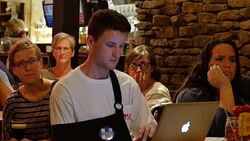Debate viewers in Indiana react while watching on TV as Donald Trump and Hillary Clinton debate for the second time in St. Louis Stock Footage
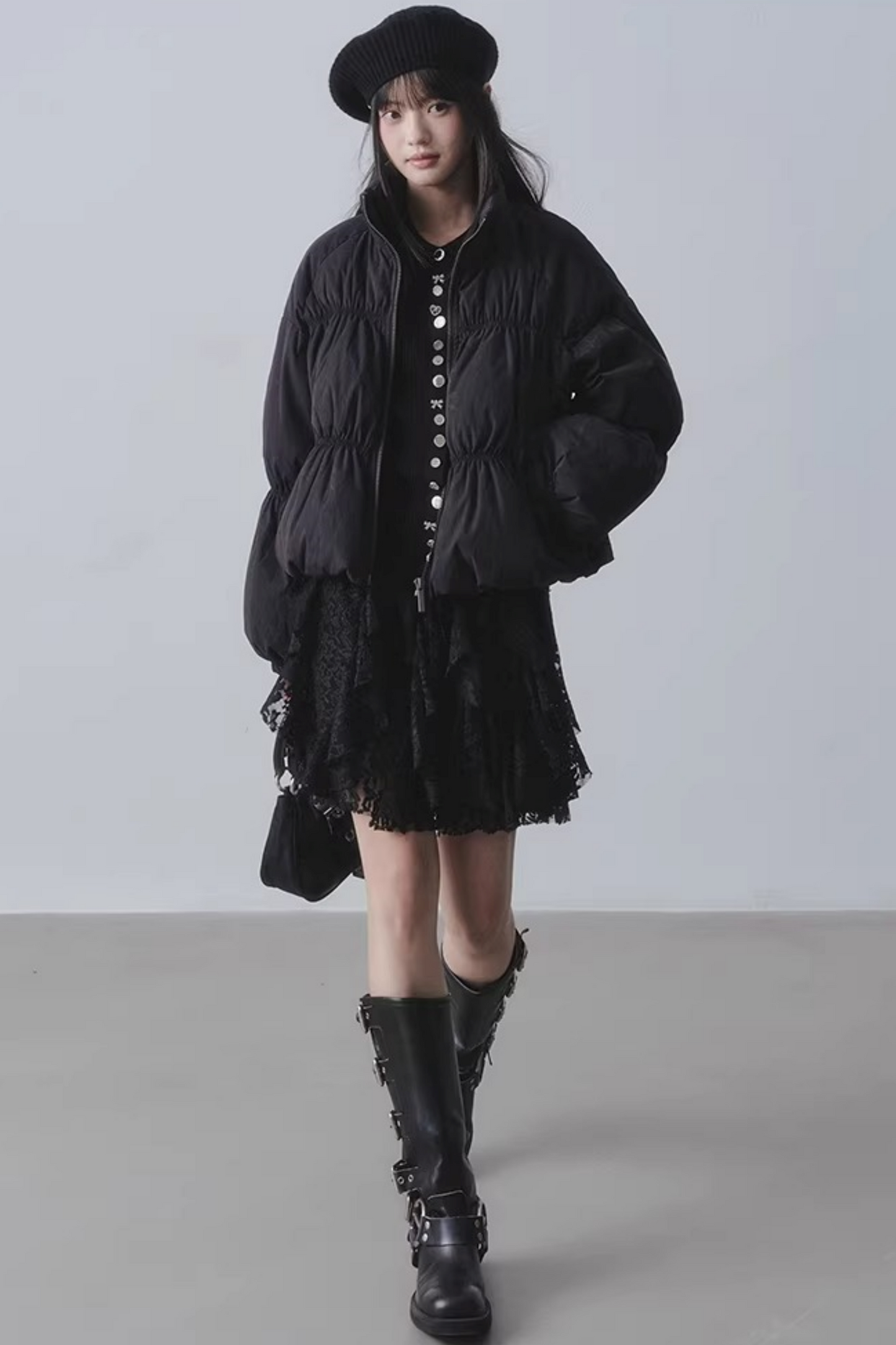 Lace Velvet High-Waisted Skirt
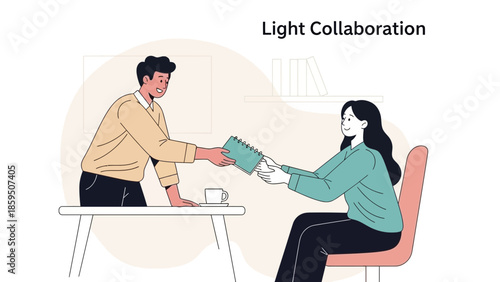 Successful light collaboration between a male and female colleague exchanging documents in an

==

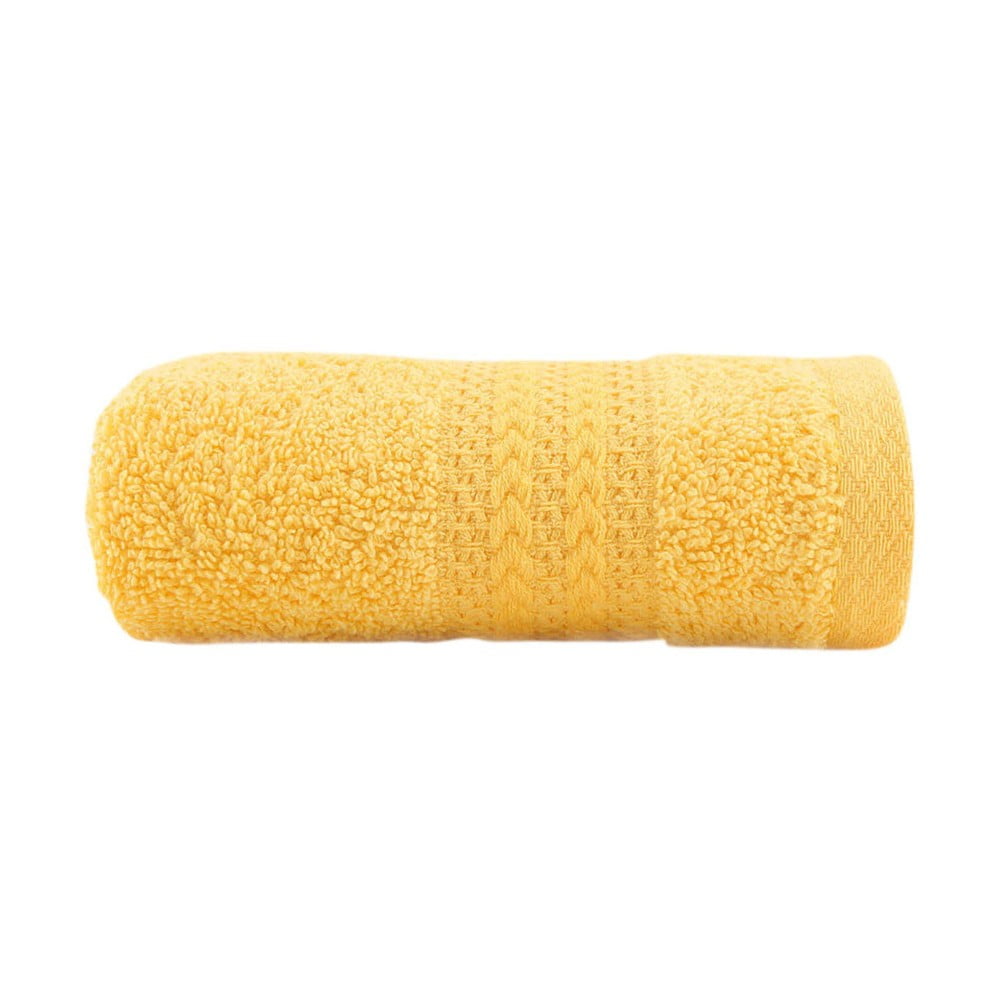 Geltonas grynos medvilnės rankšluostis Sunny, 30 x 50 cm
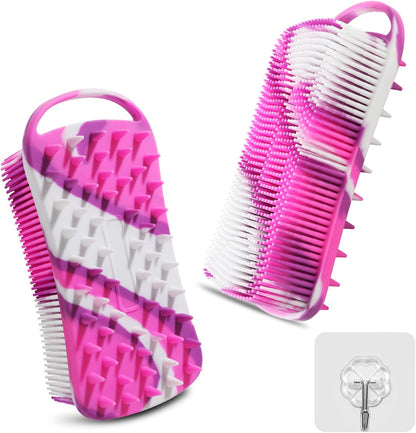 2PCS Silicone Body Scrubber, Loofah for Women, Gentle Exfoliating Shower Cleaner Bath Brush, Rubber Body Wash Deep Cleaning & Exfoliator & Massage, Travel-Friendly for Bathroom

==

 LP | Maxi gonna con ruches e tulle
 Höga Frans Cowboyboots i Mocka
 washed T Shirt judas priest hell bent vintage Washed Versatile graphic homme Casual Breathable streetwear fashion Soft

**WORK TO BE COMPLETED**
Copy exactly the material above from the line with "Debate viewers in" to the line with "Successful light collaboration", ends included, and nothing else. Leave out any picture.

**RESULT OF THIS TASK**
Debate viewers in Indiana react while watching on TV as Donald Trump and Hillary Clinton debate for the second time in St. Louis Stock Footage
 Lace Velvet High-Waisted Skirt
 Successful light collaboration between a male and female colleague exchanging documents in an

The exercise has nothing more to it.